→ Directions: With the pictures removed, please write out every line below exactly as given.
*** Exercise data ***
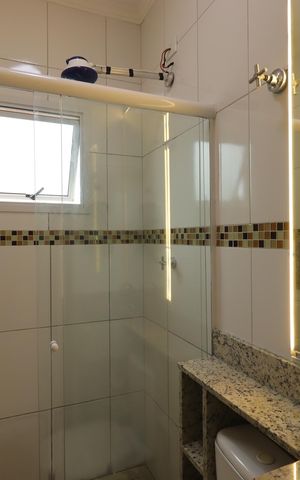 Apartamento para alugar com 59m², 2 quartos e 2 vagasBanheiro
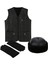 Premıum Deri Set – Yelek, Eldiven, Deri Börk Şapka 1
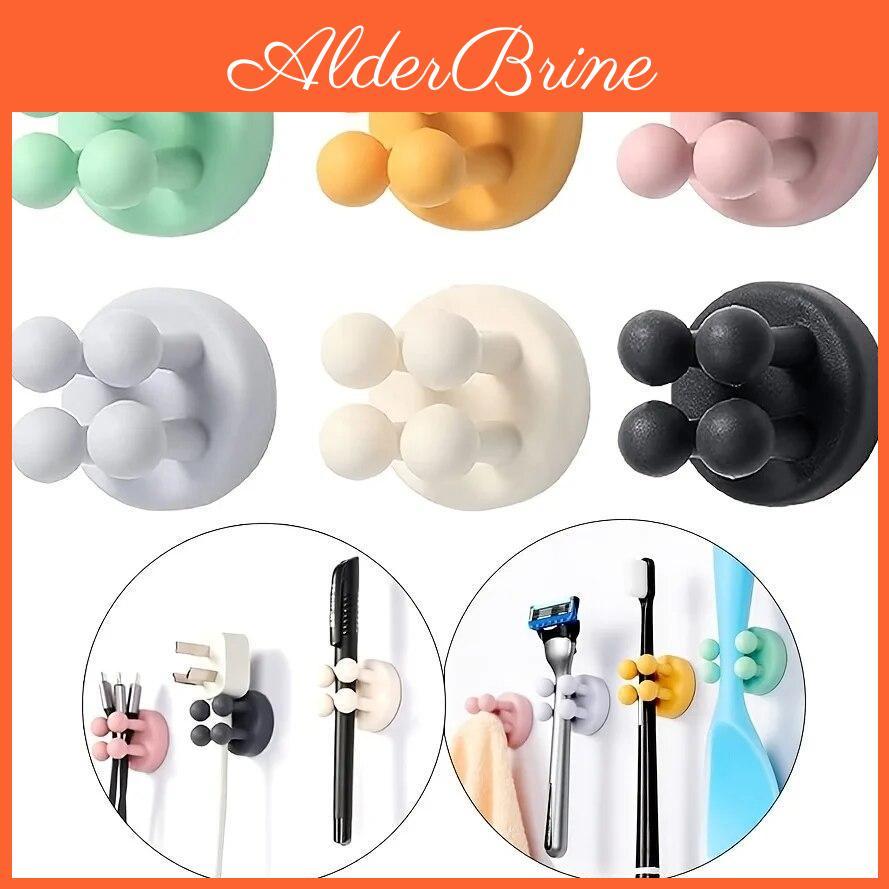 Holders Wall Silicone Adhesive Toothbrush Mounted Hanging Towels Keys Cables And Cords Kitchen And Bathroom Organization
***
→ Answer to the exercise:
 Apartamento para alugar com 59m², 2 quartos e 2 vagasBanheiro
 Premıum Deri Set – Yelek, Eldiven, Deri Börk Şapka 1
 Holders Wall Silicone Adhesive Toothbrush Mounted Hanging Towels Keys Cables And Cords Kitchen And Bathroom Organization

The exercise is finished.